::: DATA EXTRACTS :::
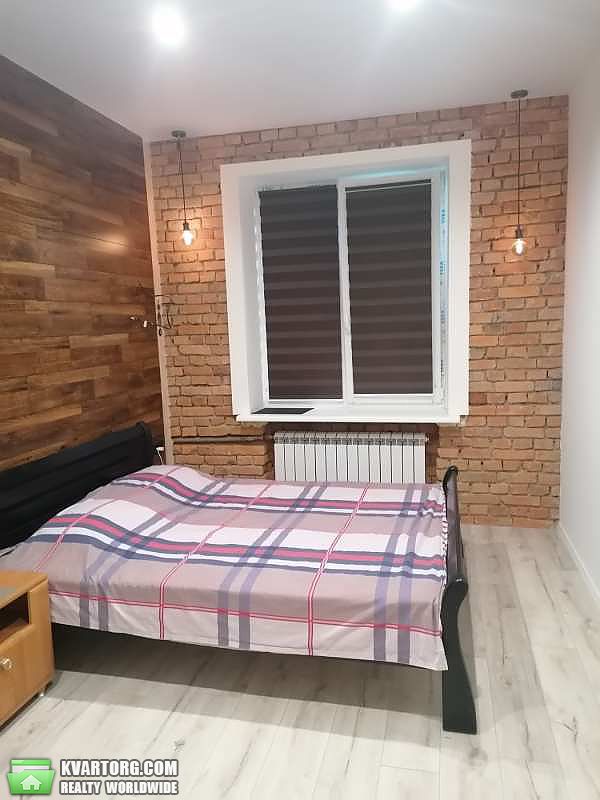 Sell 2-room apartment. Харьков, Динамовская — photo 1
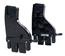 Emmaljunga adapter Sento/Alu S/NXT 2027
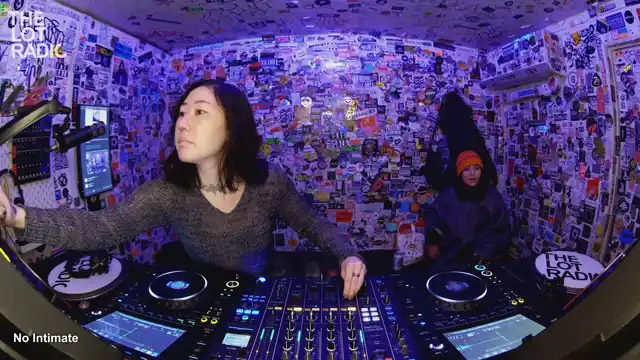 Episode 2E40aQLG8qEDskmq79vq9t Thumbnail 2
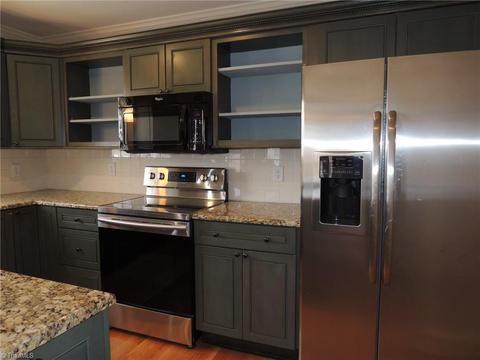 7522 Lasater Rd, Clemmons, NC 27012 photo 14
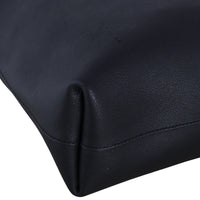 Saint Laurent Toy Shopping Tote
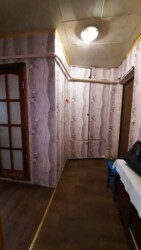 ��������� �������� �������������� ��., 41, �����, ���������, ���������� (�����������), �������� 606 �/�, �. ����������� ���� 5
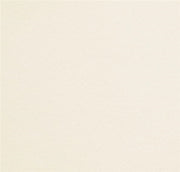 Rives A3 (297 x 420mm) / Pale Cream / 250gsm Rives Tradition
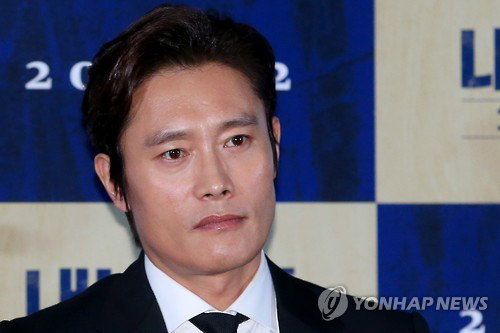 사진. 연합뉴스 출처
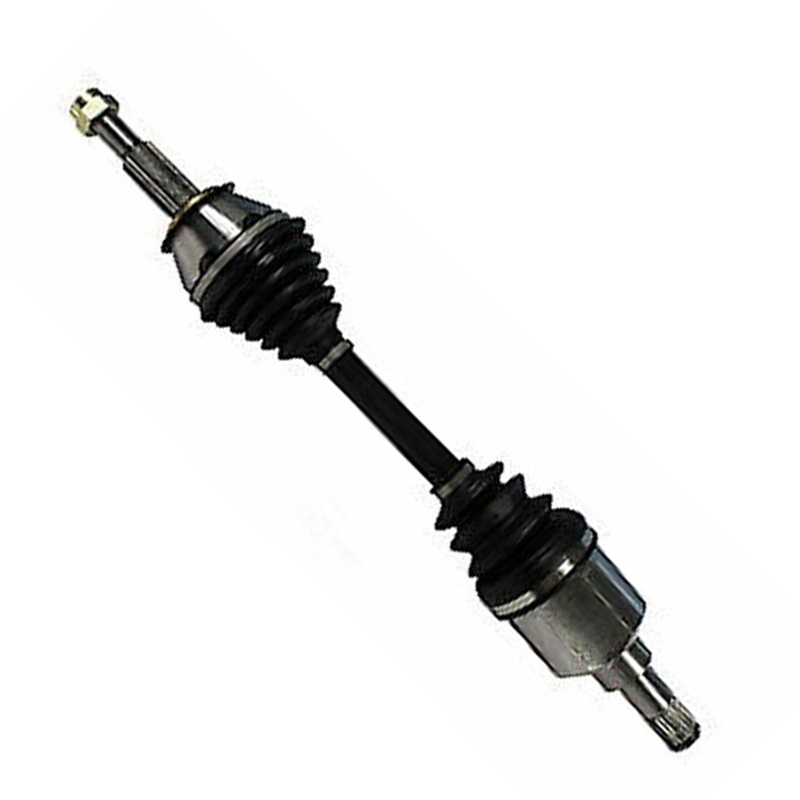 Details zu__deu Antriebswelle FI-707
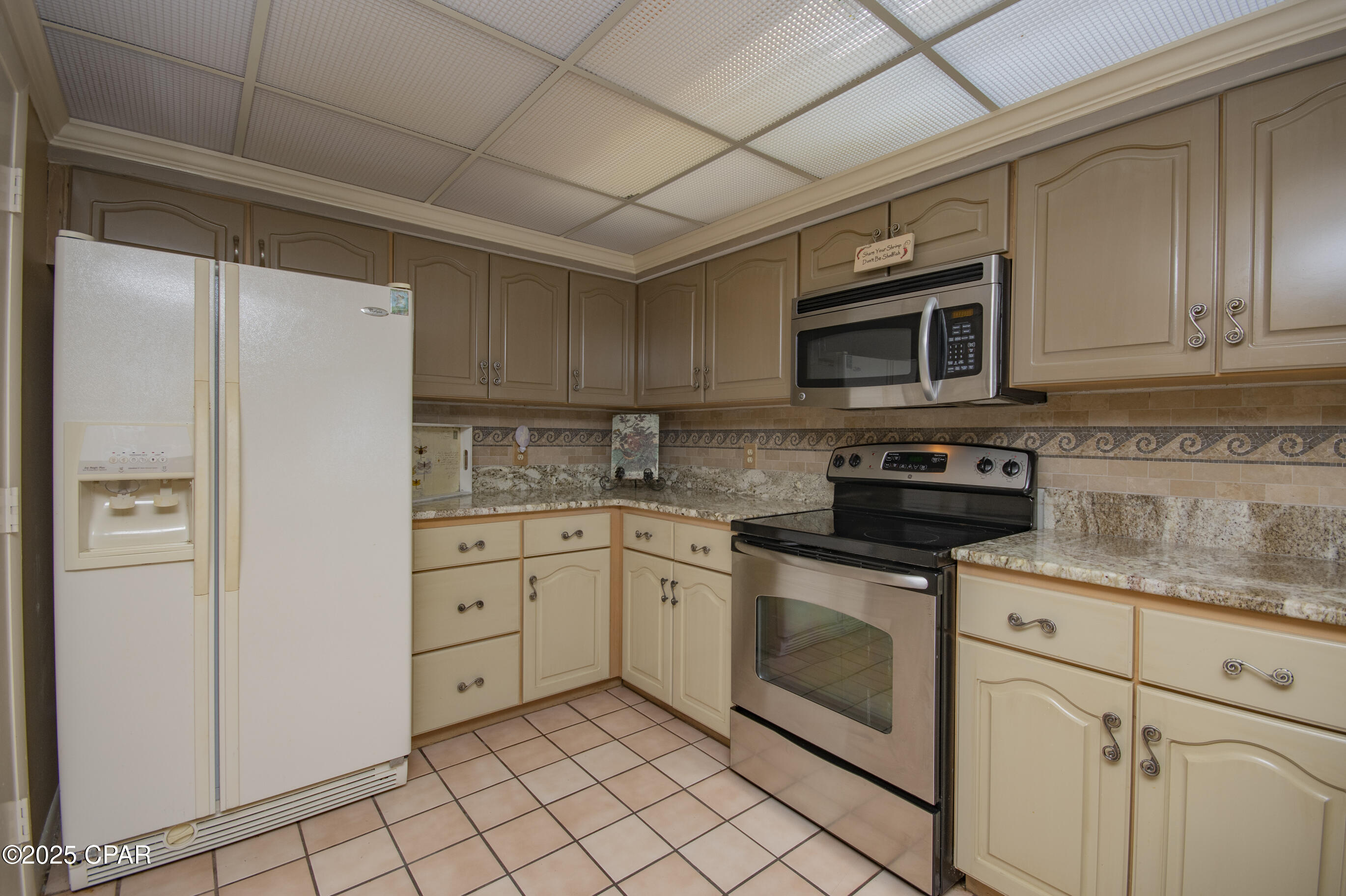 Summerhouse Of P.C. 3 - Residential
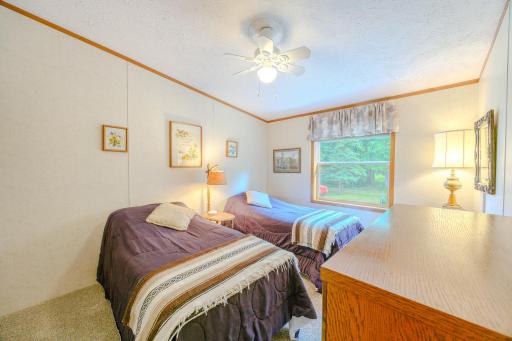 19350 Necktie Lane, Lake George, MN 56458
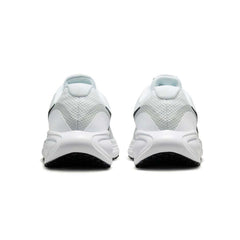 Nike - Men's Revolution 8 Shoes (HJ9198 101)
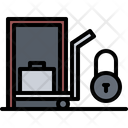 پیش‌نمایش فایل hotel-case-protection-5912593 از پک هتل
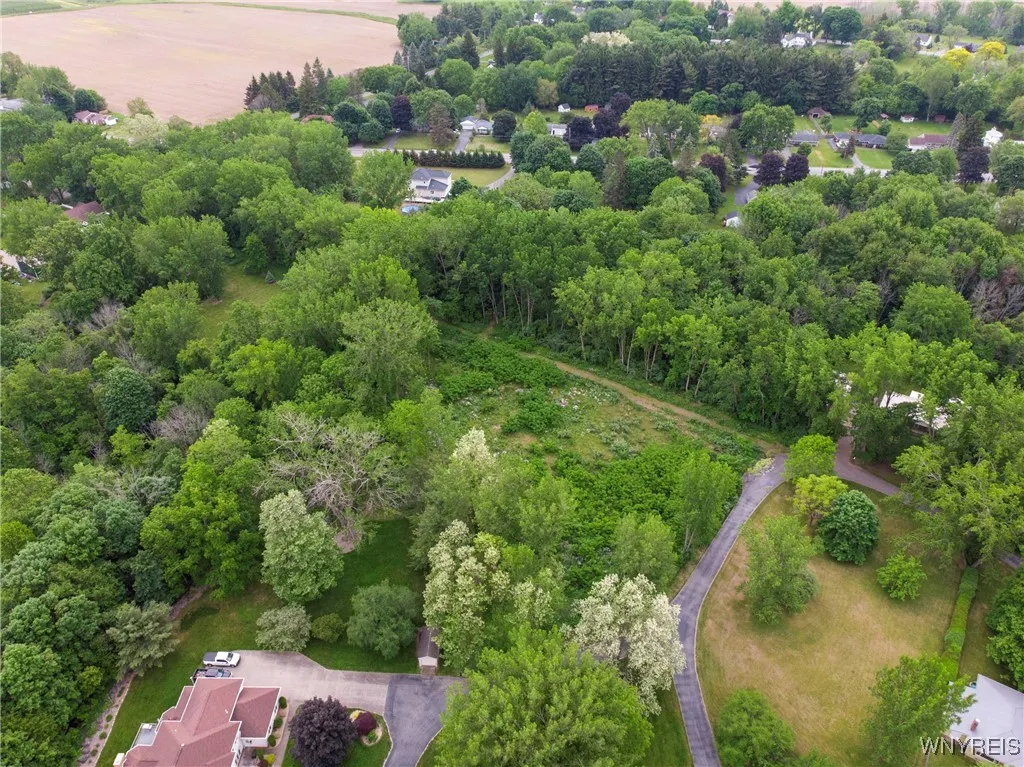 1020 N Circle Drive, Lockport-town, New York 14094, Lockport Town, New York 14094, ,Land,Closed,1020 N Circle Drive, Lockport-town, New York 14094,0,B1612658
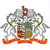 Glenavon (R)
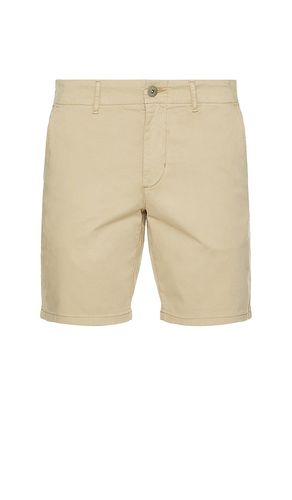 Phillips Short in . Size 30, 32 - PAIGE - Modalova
:::
* [TASK]: From the records above, write out exactly the lines that begin at the line with "Episode 2E40aQLG8qEDskmq79vq9t Thumbnail 2" and end at the line with "Details zu__deu Antriebswelle FI-707". Pictures must not appear in the output.

* [ANSWER FOR THIS EXERCISE]:
 Episode 2E40aQLG8qEDskmq79vq9t Thumbnail 2
 7522 Lasater Rd, Clemmons, NC 27012 photo 14
 Saint Laurent Toy Shopping Tote
 ��������� �������� �������������� ��., 41, �����, ���������, ���������� (�����������), �������� 606 �/�, �. ����������� ���� 5
 Rives A3 (297 x 420mm) / Pale Cream / 250gsm Rives Tradition
 사진. 연합뉴스 출처
 Details zu__deu Antriebswelle FI-707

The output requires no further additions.